Monday, September 23, 2013

The New Rule Now Permits General Solicitation and Advertising When Raising Capital

On July 10, 2013, the Securities and Exchange Commission (the “SEC”) adopted a new rule that implements a part of the JOBS Act. This rule lifts the ban on general solicitation and advertising with respect to certain types of securities offerings.

The new rule 506(c) goes into effect today, Monday, September 23rd. Here is what you need to know about it, if you would like to adverse your offering to the general public and through the means of general solicitation.

1. All investors must be accredited. Unlike Rule 506(b), this new Rule only allows accredited investors to participate in the offering. Who are accredited investors? These are individuals who have earned income over $200,000 (or $300,000 together with a spouse) in each of the prior two years, and reasonably expects the same for the current year, or has a net worth over $1 million, either alone or together with a spouse (excluding the value of the person’s primary residence). A bank, partnership, corporation, a nonprofit, an LLC or a trust can also be accredited investors as long as they satisfy certain tests. The full definition of accredited investor is available here.

2. Take “reasonable” steps to verify the accredited status of your investors. Under the new Rule, it is no longer enough to have the investors fill out an eligibility questionnaire. What steps are “reasonable”? This is determined in the context of each offering, looking at the particular facts and circumstances of each prospective purchaser and transaction. Rule 506(c) provides a non-exclusive list of verification methods that companies can use when looking to verify the individual investors’ accredited status, including:

  • Verification based on income: by reviewing IRS forms that report income, such as Form W-2, Form 1099, Schedule K-1 of Form 1065, and Form 1040 for the two most recent years and obtaining a written representation that investors have a reasonable expectation of reaching the income level necessary to qualify as an accredited investor during the current year;
  • Verification based on net worth: by reviewing specific types of documentation dated within the prior three months, such as bank statements, brokerage statements, certificates of deposit, tax assessments, appraisal reports by independent third parties, and obtaining a written representation from the investors that they disclosed all liabilities necessary to make a determination of net worth, and/or obtaining a credit report from at least one of the nationwide consumer reporting agencies to verify the liabilities;
  • A written confirmation from a registered broker-dealer, an SEC-registered investment adviser, a licensed attorney or a certified public accountant stating that such person or entity has taken reasonable steps to verify that the purchaser is an accredited investor within the last three months and has determined that such purchaser is an accredited investor; and
  • For accredited investors who purchased your securities before September 23, 2013 and who want to participate in your 506(c) offering, - a certification by such person that at the time of sale he or she qualifies as an accredited investor. 
You should keep very good records that can provide that you have taken reasonable steps to verify the accredited status of your investors.

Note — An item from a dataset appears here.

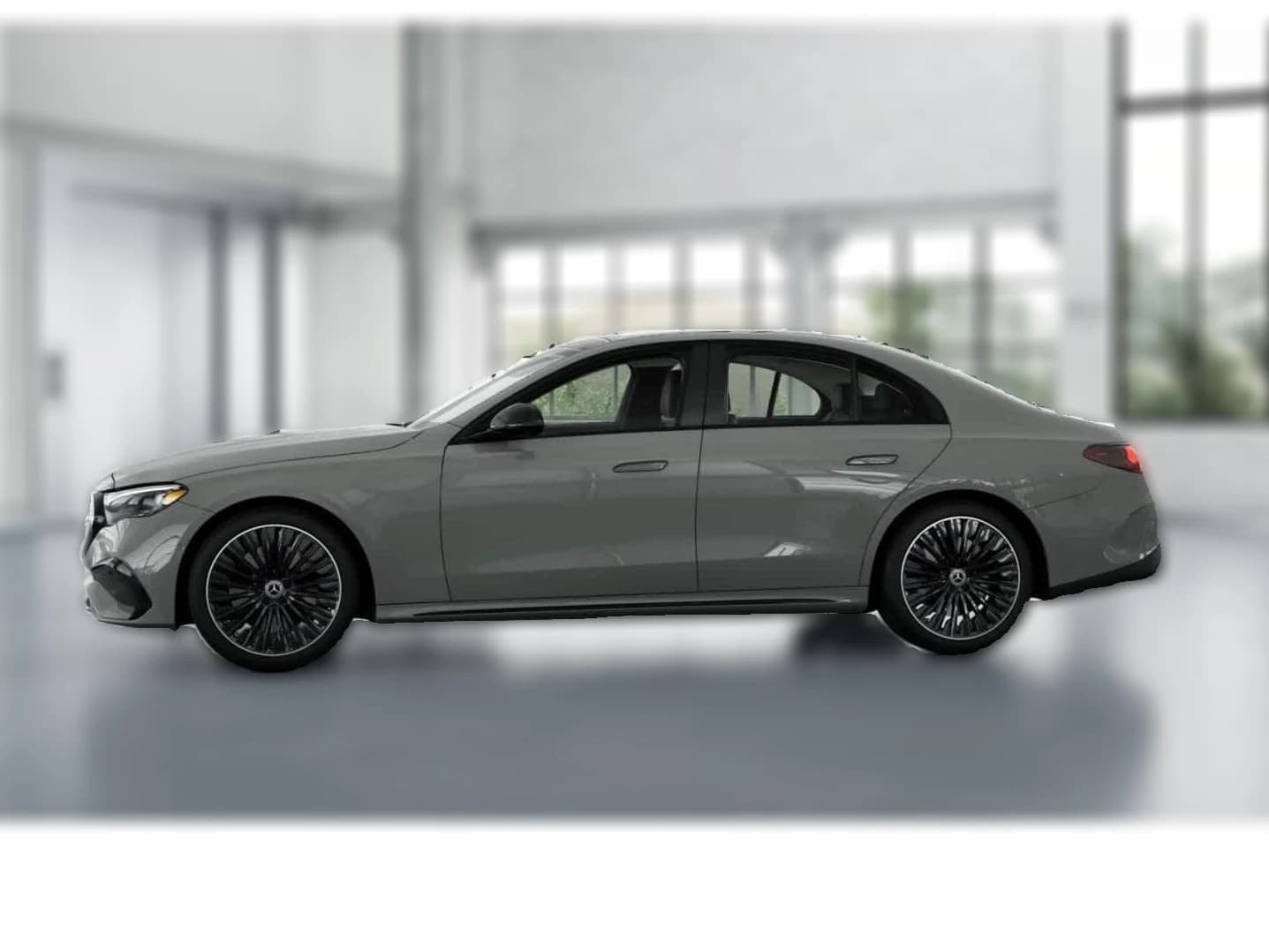 Mercedes-Benz E-Class E 450 4MATIC Sedan 2027 — side view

3. Check a new box that was added to Form D. It is important to remember that if a Rule 506(c) fails, the company cannot simply switch to using Rule 506(b) or Section 4(2) private placement because Rule 506(b) or Section 4(2) do not permit general solicitation or advertising.

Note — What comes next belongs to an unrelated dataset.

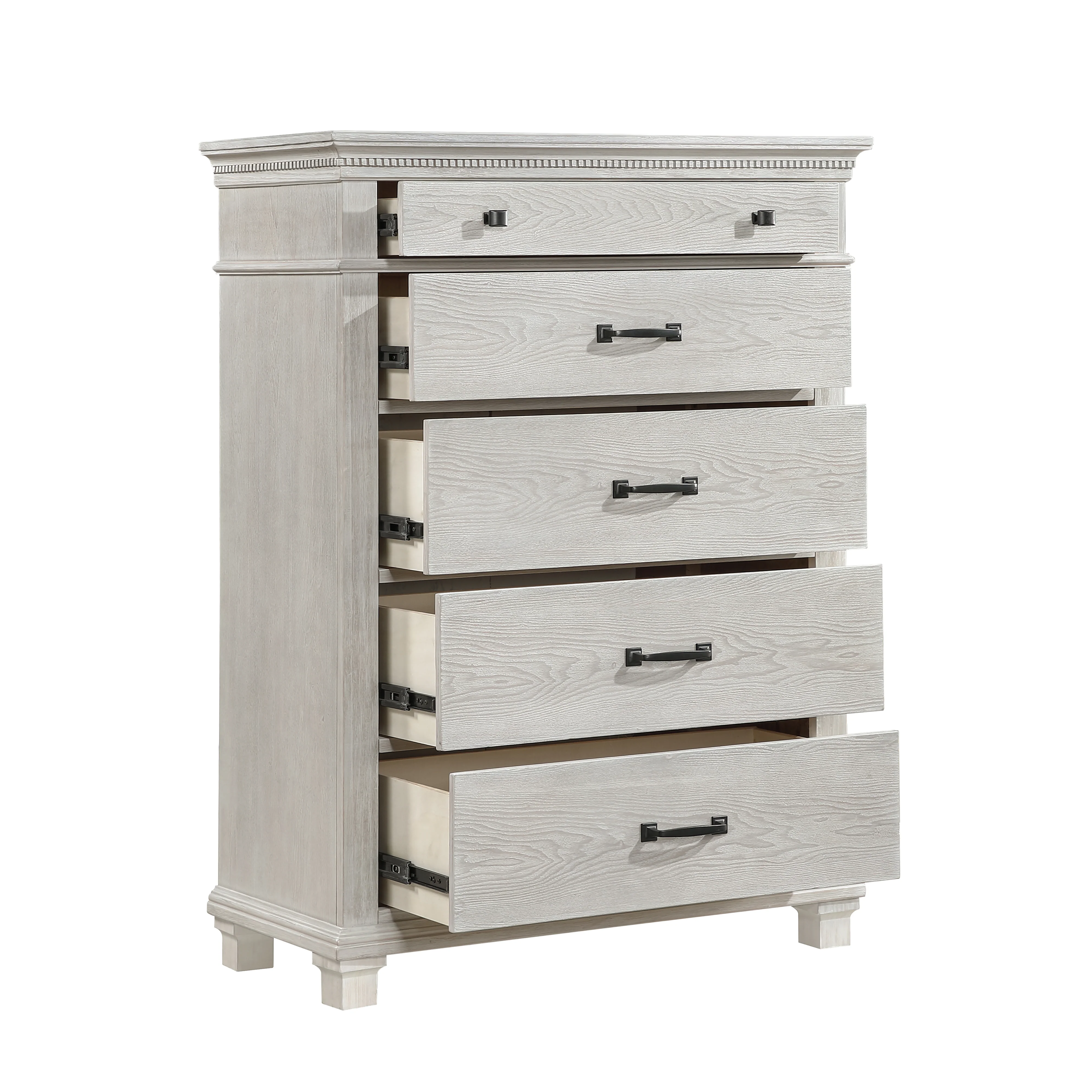 Silver Sands Chest-Gray - Image 3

4. Make sure that the offering is not disqualified under the new bad actor disqualification provisions in Rule 506(d). Note the list of persons covered by these provisions is very broad and includes:
  • the issuer, any predecessor of the issuer, and any affiliates of the issuer;
  • any director, executive officer, other officer participating in the offering, general partner or managing member of the issuer;
  • any beneficial owner of 20% or more of the issuerʼs outstanding voting equity securities;
  • any promoter connected with the issuer at the time of the sale;
  • any investment manager of an issuer that is a pooled investment fund;
  • any person that has been or will be paid (directly or indirectly) remuneration for solicitation of purchasers in the offering;
  • any general partner or managing member of any such investment manager or solicitor; or
  • any director, executive officer or other officer participating in the offering of any such investment manager or solicitor or general partner or managing member of such investment manager or solicitor.
Under the final rule, a “disqualifying event” includes any of the following:

Criminal convictions in connection with the purchase or sale of a security, making of a false filing with the SEC or arising out of the conduct of certain types of financial intermediaries;

  • Court injunctions and restraining orders in connection with the purchase or sale of a security, making of a false filing with the SEC, or arising out of the conduct of certain types of financial intermediaries;
  • Certain final orders from the CFTC, federal banking agencies, the National Credit Unit Administration, or state regulators of securities, insurance, banking, savings associations or credit unions;
  • Certain SEC disciplinary orders relating to brokers, dealers, municipal securities dealers, investment companies, and investment advisers and their associated persons;
  • SEC cease-and-desist orders related to violations of certain anti-fraud provisions and registration requirements of the federal securities laws;
  • SEC stop orders and orders suspending the Regulation A exemption issued within five years of the proposed sale of securities;
  • Suspension or expulsion from membership in a self-regulatory organization (SRO) or from association with an SRO member; and
  • U.S. Postal Service false representation orders issued within five years before the proposed sale of securities.
There is an exception from disqualification where an issuer can show it did not know and, in the exercise of reasonable care, could not have known that a covered person with a disqualifying event participated in the offering, so due diligence with respect to all covered persons participating in a Rule 506 offering is necessary. Such due diligence may include questionnaires and representations from certain participants, and may also include background checks.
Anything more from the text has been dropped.